Smaller companies can employ a single lawyer with extensive experience to manage all legal problems of the corporation. However, larger corporations may need a team of attorneys with distinct specialties to deal with day-to-day contracts, jobs, and company problems.
Terms you need to know
- What is a corporation?– A corporation can conduct business in its own name just like any person can. It is owned by shareholders, who have the legal authority to elect a board of directors to supervise the organization’s operations.
- Wha is S Corporation?– A specific type of corporation with a limited no. of members enjoying certain tax advantages but without a typical corporation’s stock options.
- Who is the Chief Executive Officer (CEO)? – The executive with the principal decision-making power for the management of the daily business in a company; appointed by the board of directors of the company.

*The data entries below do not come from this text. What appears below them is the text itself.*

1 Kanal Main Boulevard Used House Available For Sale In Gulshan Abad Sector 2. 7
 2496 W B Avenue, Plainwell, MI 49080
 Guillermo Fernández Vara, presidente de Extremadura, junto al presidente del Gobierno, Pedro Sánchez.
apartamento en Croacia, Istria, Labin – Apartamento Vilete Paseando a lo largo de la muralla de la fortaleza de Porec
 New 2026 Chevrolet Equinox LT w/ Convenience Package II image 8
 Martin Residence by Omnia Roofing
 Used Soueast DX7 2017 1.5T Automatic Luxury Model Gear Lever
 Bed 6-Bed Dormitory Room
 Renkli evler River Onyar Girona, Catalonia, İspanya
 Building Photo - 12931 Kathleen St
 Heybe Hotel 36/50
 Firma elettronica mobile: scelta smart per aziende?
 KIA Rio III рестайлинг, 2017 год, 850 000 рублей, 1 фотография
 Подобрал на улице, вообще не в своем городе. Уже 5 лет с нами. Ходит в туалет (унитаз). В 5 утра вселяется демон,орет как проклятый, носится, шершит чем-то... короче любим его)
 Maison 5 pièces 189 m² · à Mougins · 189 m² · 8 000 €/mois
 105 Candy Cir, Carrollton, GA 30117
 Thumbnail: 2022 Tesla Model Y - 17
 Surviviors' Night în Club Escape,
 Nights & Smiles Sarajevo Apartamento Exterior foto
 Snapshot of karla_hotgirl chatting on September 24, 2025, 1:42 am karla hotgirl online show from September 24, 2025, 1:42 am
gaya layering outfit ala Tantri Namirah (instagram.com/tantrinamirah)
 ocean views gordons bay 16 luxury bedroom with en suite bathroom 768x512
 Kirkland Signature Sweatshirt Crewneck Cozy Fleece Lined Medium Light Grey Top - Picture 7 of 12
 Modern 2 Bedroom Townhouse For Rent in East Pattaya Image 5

- Who are the Board of Directors (BOD)?– A group of people elected by a corporation’s shareholders to manage the affairs of the corporation and appoint officers.
Why do corporate laws exist?
Corporate law is meant to be friendly for business. It’s not intended to create things more difficult to get done. Corporation law comes in existence to make business easier. Rules governing the formation of a corporation and laws on how to take corporate actions are intended to assist businesses and make things fair to everyone. They ensure corporations act in predictable ways in which others can depend.
The major component of corporate law
Five principles are common to corporate law
- Legal personality – Corporate owners pool their capital into an independent entity. That entity is able to use and sell the assets. Creditors are unable to take back the assets easily. Instead, they create their own entity that operates alone.
- Limited liability – When a corporation is sued, only the assets of the corporation are on the line. The plaintiff could not follow the owners of the corporation’s private property. Limited liability of a corporation enables owners to take risks and diversify their investments.
- Transferrable shares – If an owner decides that they no longer want a share in the company, the company does not have to shut down. One of a corporation’s unique features is that owners can transfer shares without the same difficulties and hassles resulting from a partnership’s transfer of ownership.
- Delegated management – Corporations have a defined framework to conduct their business. There are a management board and officers. These management bodies share and divide the power for decision-making. Board members employ and supervise officers. They also ratified the significant decisions they make. The board is chosen by the shareholders. Officers manage the company’s day-to-day operations.
- Investor ownership – Owners have a say in making corporate decisions, but they don’t operate the business directly. Investors are also entitled to gains from the corporation. Usually, an owner has decision-making and profit-sharing power in proportion to their ownership interest. Usually, owners vote to elect members of the board.